Likely due to the image they portray.

Neither would be considering anything other than a novelty vehicle in the UK though.

But that doesn't change their market position in the US.


----------



## AMBUDRIVER03 (Jul 1, 2014)

Chris, I wasn't personally attacking you, but I only took issue with the statements that you made that were factually incorrect. All of which were corroborated by posts from other forum members.

Nor did I say that you weren't going to make money (on UberXL in your area).
If other markets have been any indication, it's that Uber loves customers, and hates its partners and is likely to slash rates in every market where they think they can get away with it.

Every market is subjective on what is considered on the UberBlack upper tier, what might work in one market, might not be suitable for another.

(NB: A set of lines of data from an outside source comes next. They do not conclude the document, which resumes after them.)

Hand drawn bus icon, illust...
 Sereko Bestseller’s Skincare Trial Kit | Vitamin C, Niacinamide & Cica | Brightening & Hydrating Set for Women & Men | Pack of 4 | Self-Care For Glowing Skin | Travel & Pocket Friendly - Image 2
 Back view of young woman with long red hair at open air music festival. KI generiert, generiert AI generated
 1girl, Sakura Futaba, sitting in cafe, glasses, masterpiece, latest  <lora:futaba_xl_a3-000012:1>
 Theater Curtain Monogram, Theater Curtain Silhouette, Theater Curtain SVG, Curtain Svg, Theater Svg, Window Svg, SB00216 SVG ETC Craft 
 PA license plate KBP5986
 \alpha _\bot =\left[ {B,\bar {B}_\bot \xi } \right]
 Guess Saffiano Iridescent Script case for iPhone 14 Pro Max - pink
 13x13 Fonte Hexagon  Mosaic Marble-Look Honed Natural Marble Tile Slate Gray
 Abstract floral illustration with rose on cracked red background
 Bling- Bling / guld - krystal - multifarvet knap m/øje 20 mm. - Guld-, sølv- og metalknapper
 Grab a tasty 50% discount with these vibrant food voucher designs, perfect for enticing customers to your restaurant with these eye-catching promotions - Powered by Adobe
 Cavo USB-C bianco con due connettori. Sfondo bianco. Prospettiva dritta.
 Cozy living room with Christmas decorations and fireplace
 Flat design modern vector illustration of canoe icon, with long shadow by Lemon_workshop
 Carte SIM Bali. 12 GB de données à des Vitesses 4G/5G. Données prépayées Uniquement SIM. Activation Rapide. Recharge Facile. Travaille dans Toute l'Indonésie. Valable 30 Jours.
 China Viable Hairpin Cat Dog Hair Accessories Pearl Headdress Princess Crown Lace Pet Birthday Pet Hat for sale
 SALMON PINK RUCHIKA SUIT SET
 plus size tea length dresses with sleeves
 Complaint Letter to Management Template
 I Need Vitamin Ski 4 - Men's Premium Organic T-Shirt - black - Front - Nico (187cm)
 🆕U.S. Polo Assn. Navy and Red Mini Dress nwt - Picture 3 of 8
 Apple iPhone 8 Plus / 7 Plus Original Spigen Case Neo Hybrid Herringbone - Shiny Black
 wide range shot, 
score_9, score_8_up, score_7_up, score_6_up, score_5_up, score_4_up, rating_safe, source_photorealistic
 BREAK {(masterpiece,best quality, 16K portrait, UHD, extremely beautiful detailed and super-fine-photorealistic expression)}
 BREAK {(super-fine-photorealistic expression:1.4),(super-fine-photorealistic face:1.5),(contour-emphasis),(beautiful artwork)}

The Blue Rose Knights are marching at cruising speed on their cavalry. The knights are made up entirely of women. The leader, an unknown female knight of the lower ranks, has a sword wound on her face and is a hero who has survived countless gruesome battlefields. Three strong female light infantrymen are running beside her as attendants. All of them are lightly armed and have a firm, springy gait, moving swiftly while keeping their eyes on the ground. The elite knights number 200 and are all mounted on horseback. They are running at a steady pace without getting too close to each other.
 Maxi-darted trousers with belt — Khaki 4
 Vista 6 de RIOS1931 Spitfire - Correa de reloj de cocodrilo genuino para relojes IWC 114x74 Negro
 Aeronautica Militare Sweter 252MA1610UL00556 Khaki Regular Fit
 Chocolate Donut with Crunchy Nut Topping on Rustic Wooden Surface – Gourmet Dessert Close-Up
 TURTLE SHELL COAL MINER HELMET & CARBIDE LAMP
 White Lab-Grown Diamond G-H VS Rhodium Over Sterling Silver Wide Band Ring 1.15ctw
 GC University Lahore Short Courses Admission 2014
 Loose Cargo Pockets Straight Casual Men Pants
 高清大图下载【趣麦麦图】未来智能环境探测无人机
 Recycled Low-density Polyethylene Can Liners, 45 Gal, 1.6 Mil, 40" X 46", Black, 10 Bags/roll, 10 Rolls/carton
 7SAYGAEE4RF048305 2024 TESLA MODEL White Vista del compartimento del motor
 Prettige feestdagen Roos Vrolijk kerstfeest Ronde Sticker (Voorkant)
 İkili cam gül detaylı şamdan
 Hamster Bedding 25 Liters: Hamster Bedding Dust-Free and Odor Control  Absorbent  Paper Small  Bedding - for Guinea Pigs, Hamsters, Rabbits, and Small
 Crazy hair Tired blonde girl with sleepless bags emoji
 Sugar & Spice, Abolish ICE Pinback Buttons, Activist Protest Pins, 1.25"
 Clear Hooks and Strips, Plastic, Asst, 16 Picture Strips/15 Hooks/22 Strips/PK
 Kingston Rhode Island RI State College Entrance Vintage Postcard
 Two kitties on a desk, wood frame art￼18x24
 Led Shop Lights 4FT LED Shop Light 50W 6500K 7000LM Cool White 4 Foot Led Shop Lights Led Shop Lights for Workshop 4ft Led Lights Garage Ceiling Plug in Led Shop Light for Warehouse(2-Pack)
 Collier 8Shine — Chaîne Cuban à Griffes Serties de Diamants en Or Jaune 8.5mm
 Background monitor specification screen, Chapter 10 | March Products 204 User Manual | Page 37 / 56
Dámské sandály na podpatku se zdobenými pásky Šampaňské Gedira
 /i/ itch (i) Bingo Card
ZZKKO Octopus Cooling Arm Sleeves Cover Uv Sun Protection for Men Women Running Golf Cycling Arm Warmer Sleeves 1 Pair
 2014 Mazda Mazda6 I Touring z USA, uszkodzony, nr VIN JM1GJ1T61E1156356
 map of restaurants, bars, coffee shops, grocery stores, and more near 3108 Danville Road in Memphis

Also, you're basing your information on what the current market rates are for your particular class, when the timeline for the introduction of UberBlack in your area is unknown.


----------



## Sydney Uber (Apr 15, 2014)

AMBUDRIVER03 said:


> if you just plunked down 70,000 for a new commercially licensed luxury vehicle, you'd be a little pissed if they allowed every tom dick and jane into your market, wouldn't you?
> 
> most markets are already oversaturated with uberBLACK, and it's even worse on uberX


A good measure of market saturation is how often each class of car goes to surge.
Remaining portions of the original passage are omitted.